The treasure hunts ended, though they continued at TJ Maxx, Marshall's, and even the dollar store. My need to have some Sunday morning or weekday afternoon to myself continued.  Shopping became more purposeful.  It still included Target for a while.  Replace big screen TV, cell phone service, new flash drive, an iron, a Kitchen-Aid chopper, a thermal mug.  As I looked over their offerings, much of the options seemed a poor value or limited selection. For big purchases, the attendants were kids reciting scripts.  None ever asked me a question to guide what migh best suit my situation.  I needed ammonia to clean something.  They had bottles of cleaning mixtures made by alumni of college chemistry labs, but for a pure substance, an economical and useful one, I would have to drive around the corner to Lowe's. Other stores nearby took its place as where I find appliances, coats, munchies, and grooming items.  Browsing the aisles largely ended.

This Sunday afternoon, I entered with a specific purchase to complete.  They had several brands of Vitamin D.  Different sizes, different dosages.  Chewable gummies but mostly gel caps.  None stood out as less per pill or per Vitamin D Unit.  I took a bottle off the shelf.  Not wanting to go home, I walked around.
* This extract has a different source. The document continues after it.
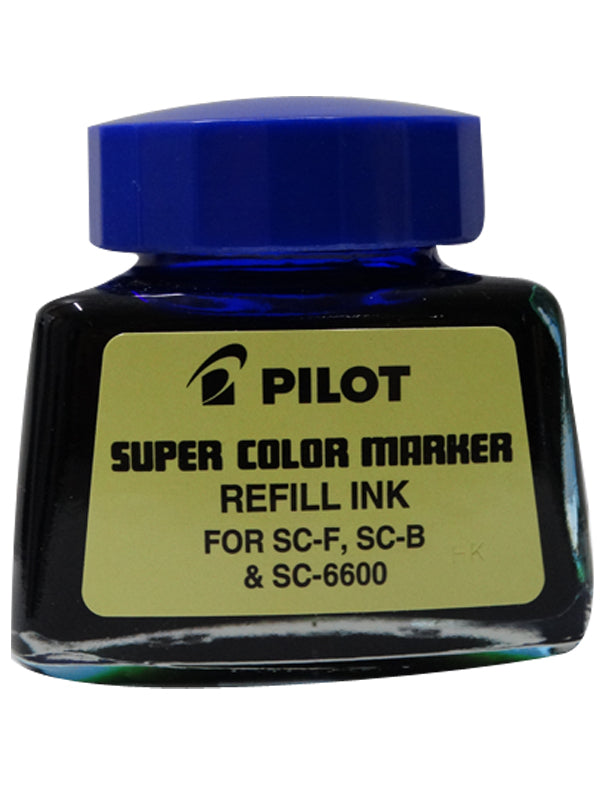 Pilot Permanent Marker Ink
Though the parking lot had a lot of cars, the store did not have much density of shoppers, nor did employees seem abundant.  They keep the pharmacy near the front to the left of the main entrance.  Walking to the rear brings customers past food.  Maybe some coffee could be purchased for Pesach.  I saw Dunkin pods on a display, no canned coffee in a place easily found.  At the very back stood seasonal.  Easter to the left, gardening to the right.  I buy seeds in the spring.  Limited to Burpee, not displayed in the most attractive way and not discounted.  Maybe clothing.  A few of each basic item displayed.  Shirts come in SML, not neck/sleeve.  Probably few people who need ties for work would get them there.  Limited selection.  This store sits almost adjacent to a local high school.  They sold logo t-shirts of two other high schools that would need a car to reach, no stuff in the colors or emblems of the school nearby.

Home decor displays would need more steps than I wanted to take.  The direct path to the self register took me through women's jewelry and cosmentics.  I guess some young people would put some of that on their skin or find a necklace with a medallion something that they could adopt as their signature.  The route took me past the cashier registers, mostly closed.  The door nearest my car stood at the self-checkout.  That had a short waiting line.  My turn came.  I scanned my bottle of Vitamin D.  It did not scan.  Instead it reset to a home screen.  Then I picked up the wand and scanned it that way.  $12.49.  Tapped my card, took my receipt and headed back to my car.

That bottle has 180 gel caps, enough for six months.  Omeprazole lasts six weeks, but if I want to go there less I can buy two.

Nobody there treated me poorly.  I found what I came for easily.  What I failed to find was anything that might attract me as an impulse.  I could not do easy browsing.  I'd wonder a bit about the manager who does not have the saichel to order and display apparel from their neighbor school but hangs items from two further high schools.  

My cell phone news feed often has items of hot shot new Target CEO with a vision.  Right now it's a place I go to get two cheap OTC meds.  It's not yet a place I drive to because I want to see what Target has that I did not already know I needed.  He will need a lot of mystery shoppers willing to convey the truth before a better experience brings large numbers of browsers back.